# Feature Engineering

In [None]:
import pandas as pd

train_df = pd.read_csv('Data/train.csv')
test_df = pd.read_csv('Data/test.csv')

train_df.head()

## Create New Features
In this section, we will create new features to improve the model's performance and gain more insights from the data. We will create interaction features, polynomial features, and apply transformations to existing features.

In [None]:
import numpy as np

# Interaction Features
train_df['Energy_Mood_Interaction'] = train_df['Energy'] * train_df['MoodScore']
test_df['Energy_Mood_Interaction'] = test_df['Energy'] * test_df['MoodScore']
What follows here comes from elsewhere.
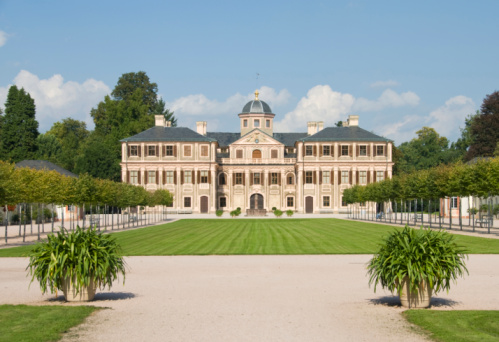 Schwetzingen, Germany - October 13, 2021: Schwetzingen Castle Park. Orangery, built by Karl Theodor. The walls are decorated with facade paintings and simulate natural stone. In the foreground a green meadow with statues framed by a small creek.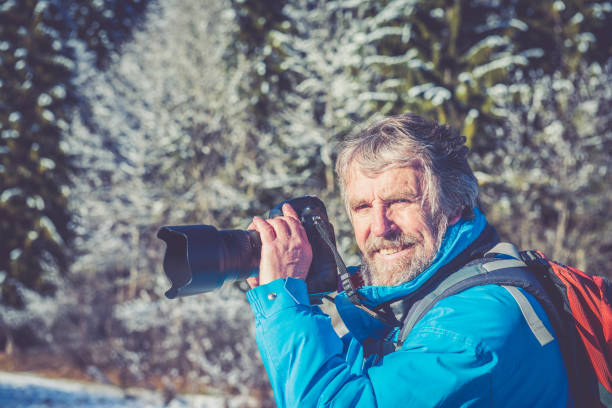 istock Senior Mountaineer in Alps, Winter 883136576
train_df['Rhythm_Energy_Interaction'] = train_df['RhythmScore'] * train_df['Energy']
test_df['Rhythm_Energy_Interaction'] = test_df['RhythmScore'] * test_df['Energy']

train_df['Loudness_Energy_Interaction'] = train_df['AudioLoudness'] * train_df['Energy']
test_df['Loudness_Energy_Interaction'] = test_df['AudioLoudness'] * test_df['Energy']

train_df['Rhythm_Loudness_Interaction'] = train_df['RhythmScore'] * train_df['AudioLoudness']
test_df['Rhythm_Loudness_Interaction'] = test_df['RhythmScore'] * test_df['AudioLoudness']

# Polynomial Features
train_df['Energy_sq'] = train_df['Energy']**2
test_df['Energy_sq'] = test_df['Energy']**2

train_df['MoodScore_sq'] = train_df['MoodScore']**2
test_df['MoodScore_sq'] = test_df['MoodScore']**2

train_df['RhythmScore_sq'] = train_df['RhythmScore']**2
test_df['RhythmScore_sq'] = test_df['RhythmScore']**2

train_df['AudioLoudness_sq'] = train_df['AudioLoudness']**2
test_df['AudioLoudness_sq'] = test_df['AudioLoudness']**2

# Feature Transformations
train_df['TrackDurationMs_log'] = np.log1p(train_df['TrackDurationMs'])
test_df['TrackDurationMs_log'] = np.log1p(test_df['TrackDurationMs'])

# Ratio Features
train_df['Vocal_Duration_Ratio'] = train_df['VocalContent'] / train_df['TrackDurationMs']
test_df['Vocal_Duration_Ratio'] = test_df['VocalContent'] / test_df['TrackDurationMs']


train_df.head()

## Evaluate New Features
In this section, we will evaluate the new features by analyzing their correlation with the target variable and their importance in a machine learning model.

In [None]:
import matplotlib.pyplot as plt
import seaborn as sns
from sklearn.ensemble import RandomForestRegressor

# Correlation Analysis
plt.figure(figsize=(20, 15))
correlation_matrix = train_df.corr()
sns.heatmap(correlation_matrix, annot=False, cmap='coolwarm')
plt.title('Correlation Matrix of All Features')
plt.show()

# Feature Importance Analysis
X = train_df.drop(['id', 'BeatsPerMinute'], axis=1)
y = train_df['BeatsPerMinute']

# Handle potential infinite values from ratio features
X.replace([np.inf, -np.inf], np.nan, inplace=True)
X.fillna(0, inplace=True)


model = RandomForestRegressor(n_estimators=100, random_state=42, n_jobs=-1)
model.fit(X, y)

feature_importances = pd.DataFrame({'feature': X.columns, 'importance': model.feature_importances_})
feature_importances = feature_importances.sort_values('importance', ascending=False)

plt.figure(figsize=(12, 10))
sns.barplot(x='importance', y='feature', data=feature_importances)
plt.title('Feature Importances')
plt.show()

## Conclusion
In this notebook, we performed feature engineering to explore new relationships in the data and potentially improve model performance. We created several new features, including interaction terms, polynomial features, transformations, and ratios.

The correlation matrix and feature importance plot provide insights into which of these new features are most promising. The `Loudness_Energy_Interaction` and `Rhythm_Loudness_Interaction` seem to have a noticeable correlation with the target variable. The feature importance plot also highlights some of the new features as being important for the model's predictions.

These new features can now be used in a machine learning model to see if they improve the prediction of `BeatsPerMinute`. Further exploration could involve creating more complex features or using different techniques for feature selection.